Dataset records ::

· · ·

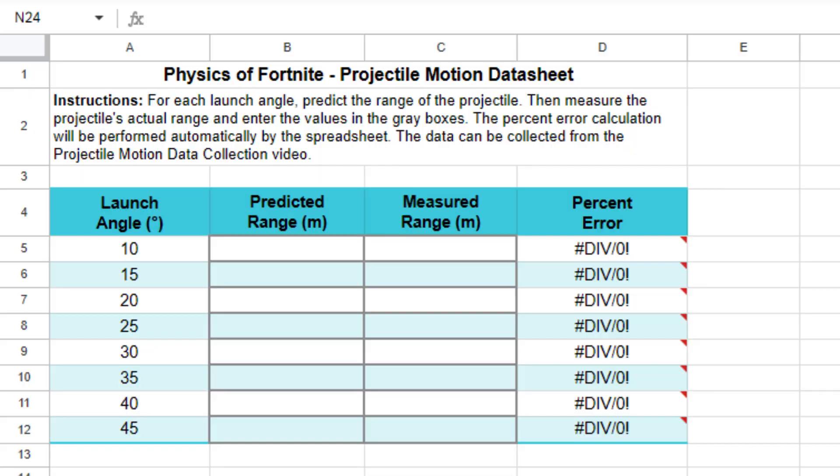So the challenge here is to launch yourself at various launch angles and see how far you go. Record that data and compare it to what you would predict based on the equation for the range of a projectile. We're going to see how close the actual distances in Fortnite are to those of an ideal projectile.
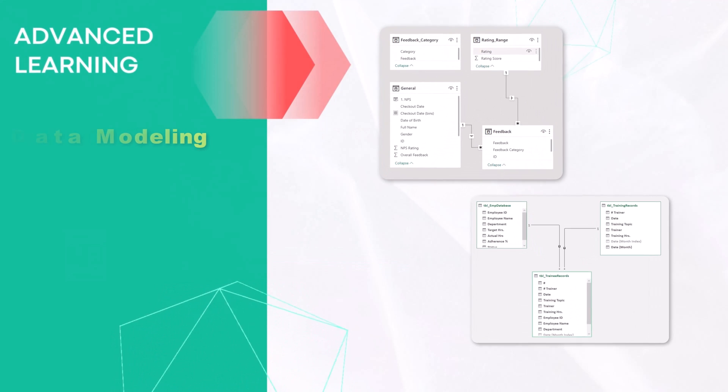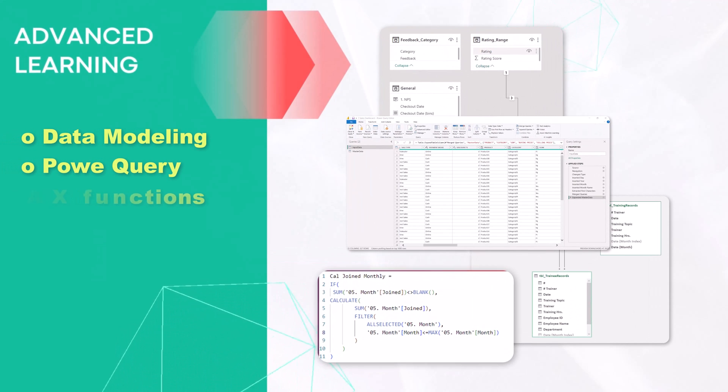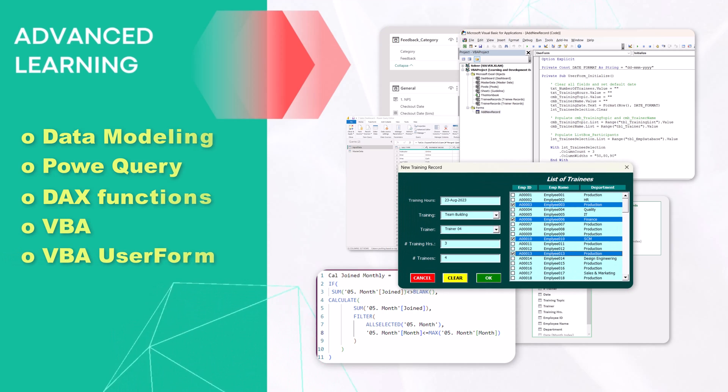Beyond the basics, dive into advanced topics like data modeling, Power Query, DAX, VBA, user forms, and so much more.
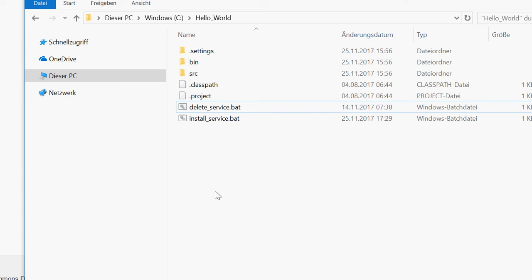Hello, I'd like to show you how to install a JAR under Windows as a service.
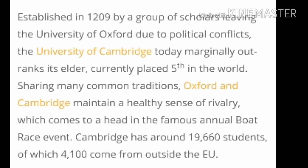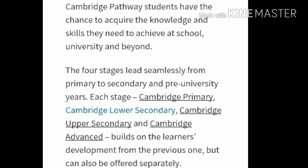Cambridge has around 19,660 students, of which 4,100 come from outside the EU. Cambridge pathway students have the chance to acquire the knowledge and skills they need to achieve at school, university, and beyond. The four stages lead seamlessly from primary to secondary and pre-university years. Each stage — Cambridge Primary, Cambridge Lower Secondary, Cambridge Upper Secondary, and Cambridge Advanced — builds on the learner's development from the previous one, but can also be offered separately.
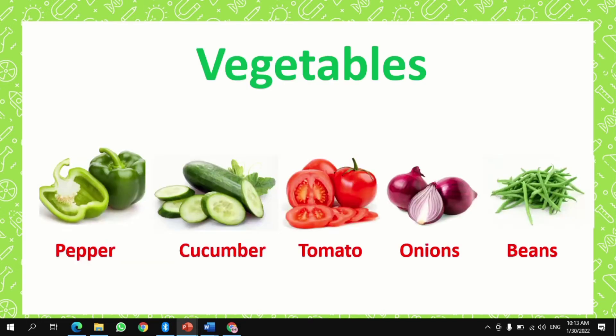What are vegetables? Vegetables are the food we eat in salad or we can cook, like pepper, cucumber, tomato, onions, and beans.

· · ·

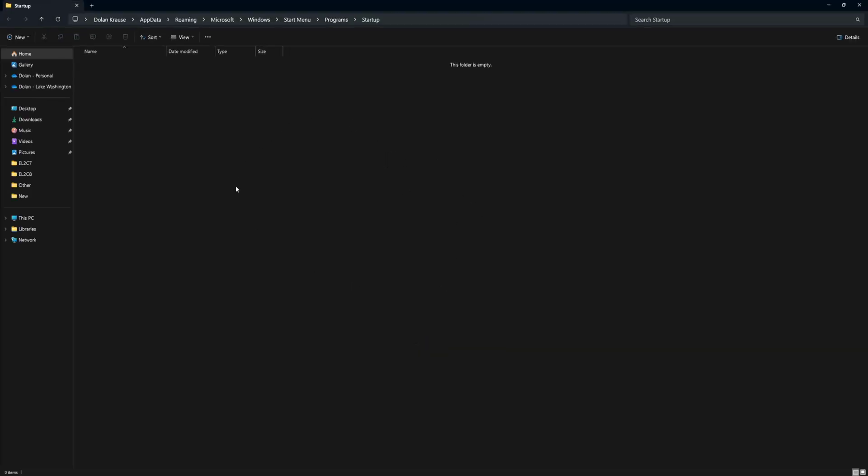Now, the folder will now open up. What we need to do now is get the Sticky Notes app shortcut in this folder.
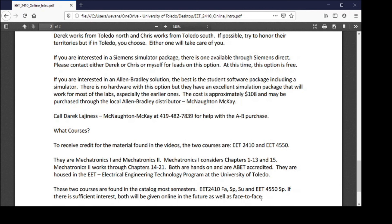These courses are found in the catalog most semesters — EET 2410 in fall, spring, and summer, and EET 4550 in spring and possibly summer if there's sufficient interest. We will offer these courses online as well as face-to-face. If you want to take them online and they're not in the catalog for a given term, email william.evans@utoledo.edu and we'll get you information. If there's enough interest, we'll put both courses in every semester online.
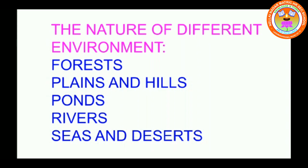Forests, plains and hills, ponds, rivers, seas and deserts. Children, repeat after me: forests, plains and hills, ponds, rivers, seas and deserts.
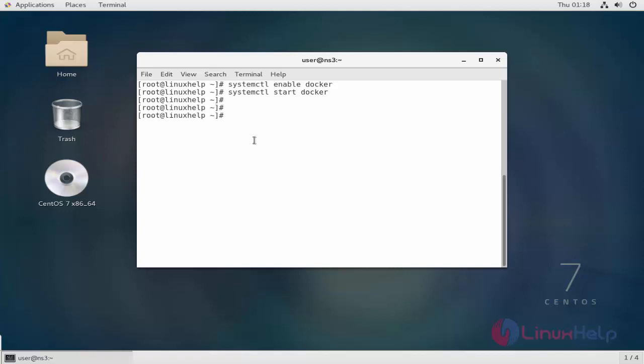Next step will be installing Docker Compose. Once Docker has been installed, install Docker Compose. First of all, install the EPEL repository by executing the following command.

· · ·

Task details ::
From the records above, quote word for word only the lines beginning at the line that has "Hello, I'd like" and stopping after the line that has "What are vegetables?". Omit the pictures.

Output below ::
Hello, I'd like to show you how to install a JAR under Windows as a service.
Cambridge has around 19,660 students, of which 4,100 come from outside the EU. Cambridge pathway students have the chance to acquire the knowledge and skills they need to achieve at school, university, and beyond. The four stages lead seamlessly from primary to secondary and pre-university years. Each stage — Cambridge Primary, Cambridge Lower Secondary, Cambridge Upper Secondary, and Cambridge Advanced — builds on the learner's development from the previous one, but can also be offered separately.
What are vegetables? Vegetables are the food we eat in salad or we can cook, like pepper, cucumber, tomato, onions, and beans.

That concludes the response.